Crawly.Pipelines.WriteToFile (Crawly v0.17.0) View Source

Stores a given item into Filesystem

Pipeline Lifecycle:

  1. When run (by Crawly.Utils.pipe), creates a file descriptor if not already created.
  2. Performs the write operation
  3. File descriptor is reused by passing it through the pipeline state with :write_to_file_fd

Note: File.close is not necessary due to the file descriptor being automatically closed upon the end of a the parent process.

Refer to https://github.com/oltarasenko/crawly/pull/19#discussion_r350599526 for relevant discussion.

Options

In the absence of tuple-based options being passed, the pipeline will fallback onto the config of :crawly, Crawly.Pipelines.WriteToFile, for the :folder and :extension keys

  • :folder, optional. The folder in which the file will be created. Defaults to current project's folder. If provided folder does not exist it's created.
  • :extension, optional. The file extension in which the file will be created with. Defaults to jl.
  • :include_timestamp, boolean, optional, true by default.
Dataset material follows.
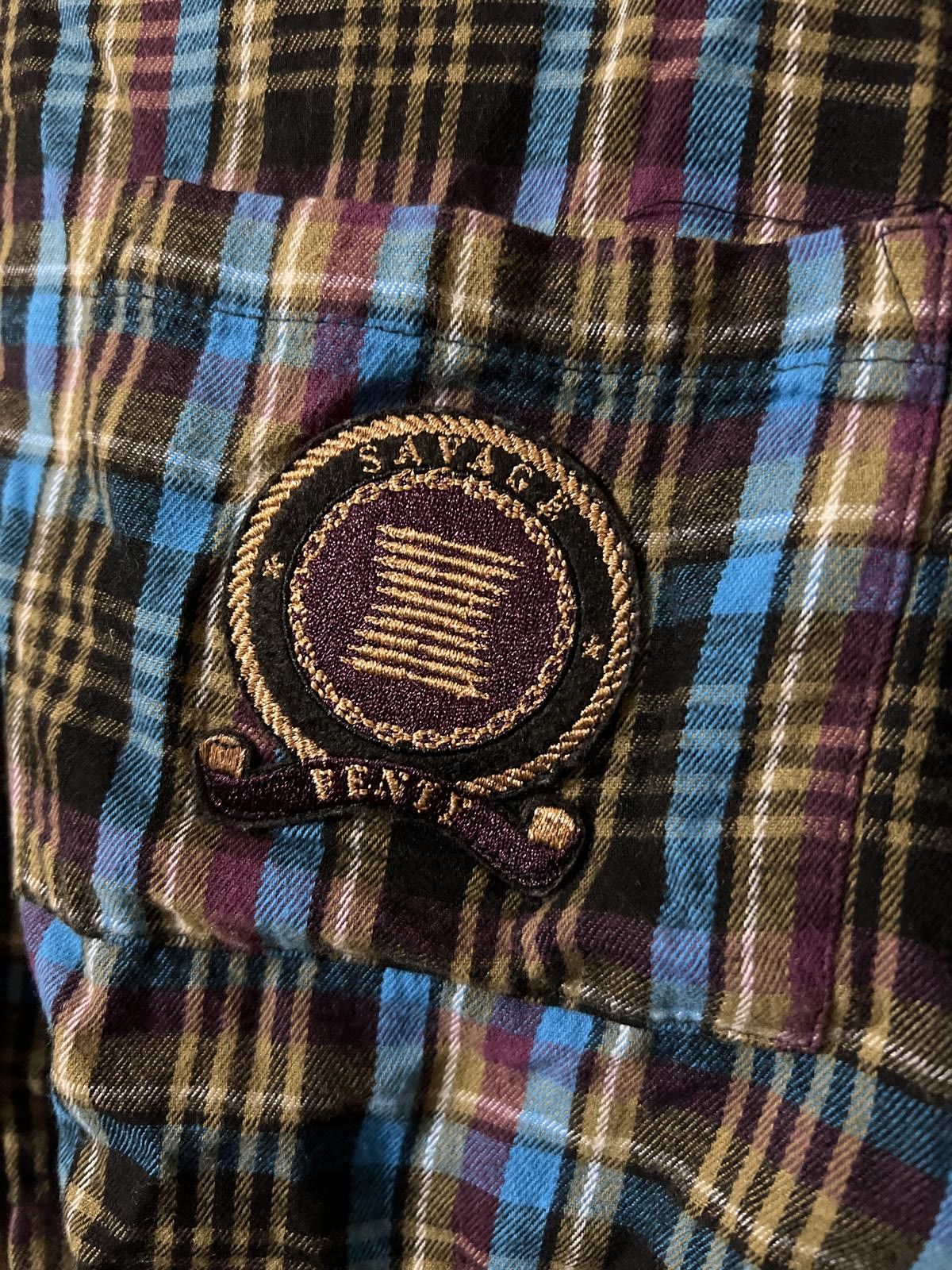 Other Savage X Fenty Cropped Plaid Button-Up Shirt Pocket Patch XL Size XL / US 12-14 / IT 48-50 - 3 Thumbnail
Allows to add timestamp to the filename.

    Example Declaration

    pipelines: [
    Crawly.Pipelines.JSONEncoder,
    {Crawly.Pipelines.WriteToFile, folder: "/tmp", extension: "csv"}
    ]

    Example Output

iex> item = %{my: "item"}
iex> WriteToFile.run(item, %{}, folder: "/tmp", extension: "csv")
{ %{my: "item"} , %{write_to_file_fd: #PID<0.123.0>} }